"Büyüdük" dedi. Sanki benimle değil de kendi hayaletiyle konuşur gibiydi. Sessizce konuşuyordu. Onun yüzüne baktığımda yüzünde gördüğüm duygu yoğunluğu beni dehşete düşürmüştü. Her zaman duygularını saklamakta ve insanlara karşı bir maske oluşturmakta iyiydi. Fakat şimdi nöbet geçirir gibi bir hali vardı.
Şaşkındım, ne diyeceğimi bilemiyordum. Onun konuşmaya devam etmesine izin verdim. "Kendimizi rengarenk takma kanatlar ile süsledik. Çok küçüktük. Bu sahte kanatlar ile uçabileceğimizi zannettik. Kanat çırptık, taa ki o kanatların sahte olduğunu anlayacak kadar büyüyüne dek. Yavaş yavaş karanlığa, insanlara doğru yanaştık... Onlar gibi ruhsuzlaşana kadar. Dünyaya bir ekran kadar yakın, ailemize bir tuş kadar uzak kaldık. Sürüden ayrılamadık, kanatlarımız ile uçmayı deneyemedik. Sürüden ayrılanları kurt kaptı, sürüde kalanları ise kendi karanlıkları." sesi gittikçe kısılıyordu. Devam etti.

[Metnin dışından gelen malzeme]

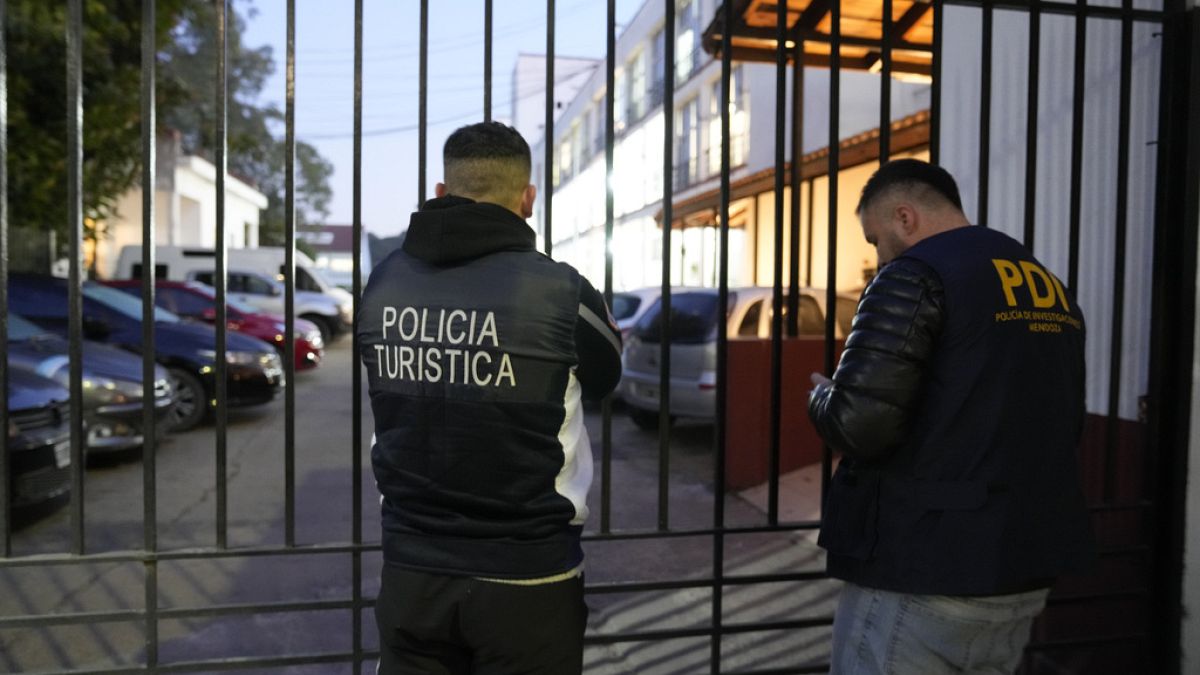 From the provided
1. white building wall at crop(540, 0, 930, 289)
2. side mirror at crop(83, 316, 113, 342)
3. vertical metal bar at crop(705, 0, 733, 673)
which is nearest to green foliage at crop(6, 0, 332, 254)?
side mirror at crop(83, 316, 113, 342)

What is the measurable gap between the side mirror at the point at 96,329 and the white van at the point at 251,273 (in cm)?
775

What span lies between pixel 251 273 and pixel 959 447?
17.2 metres

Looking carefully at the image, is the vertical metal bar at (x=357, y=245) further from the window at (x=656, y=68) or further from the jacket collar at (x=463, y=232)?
the window at (x=656, y=68)

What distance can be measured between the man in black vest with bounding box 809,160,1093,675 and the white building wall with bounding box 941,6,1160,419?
1.57 m

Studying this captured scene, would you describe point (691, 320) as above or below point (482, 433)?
above

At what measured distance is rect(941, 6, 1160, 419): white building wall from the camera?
3652mm

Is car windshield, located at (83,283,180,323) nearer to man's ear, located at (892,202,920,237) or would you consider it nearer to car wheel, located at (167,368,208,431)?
car wheel, located at (167,368,208,431)

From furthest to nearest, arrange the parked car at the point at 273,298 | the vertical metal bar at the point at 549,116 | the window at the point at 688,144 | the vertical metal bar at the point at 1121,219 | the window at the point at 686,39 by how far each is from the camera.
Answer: the window at the point at 688,144 → the window at the point at 686,39 → the parked car at the point at 273,298 → the vertical metal bar at the point at 1121,219 → the vertical metal bar at the point at 549,116

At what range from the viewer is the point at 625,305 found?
11719 mm

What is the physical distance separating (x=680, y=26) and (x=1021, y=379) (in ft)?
82.8

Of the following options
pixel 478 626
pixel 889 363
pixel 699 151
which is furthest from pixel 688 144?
pixel 478 626

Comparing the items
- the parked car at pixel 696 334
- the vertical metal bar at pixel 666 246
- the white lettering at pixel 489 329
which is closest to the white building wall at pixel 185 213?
the parked car at pixel 696 334

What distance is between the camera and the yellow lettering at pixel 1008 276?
6.88ft

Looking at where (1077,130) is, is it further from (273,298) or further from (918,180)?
(273,298) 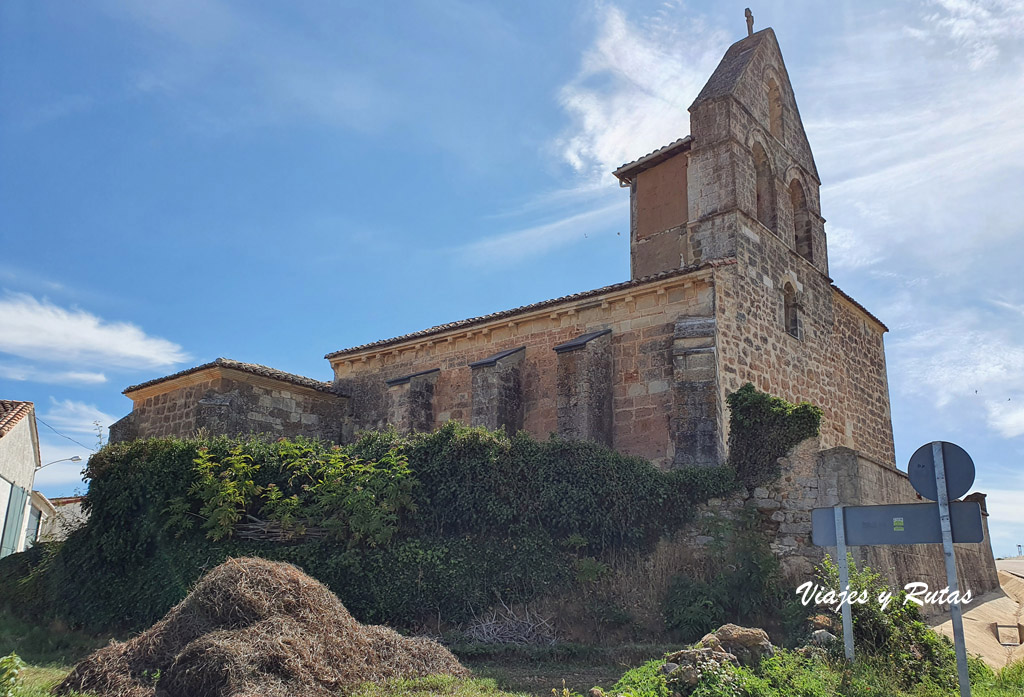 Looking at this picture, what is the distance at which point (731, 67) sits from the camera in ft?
60.6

"Belki de kelebekler bu yüzden az yaşarlar. Renkleri bu dünyayı boyamaya yetmediği için." duraksadı. Derin bir nefes aldı. "Artık o salıncakta sallanamıyorum, kanatlarımı kaybettim, karanlıkta kaldım. Gerektiğinden fazla büyüdüm... Eskisi kadar masum olmak isterdim." Artık gözlerinden yaş geliyordu. Başını dizlerine gömdü ve kendi sessizliğinde kayboldu.
Ben ise küçüklükten beri tanıdığımı zannettiğim arkadaşıma bakakalmıştım.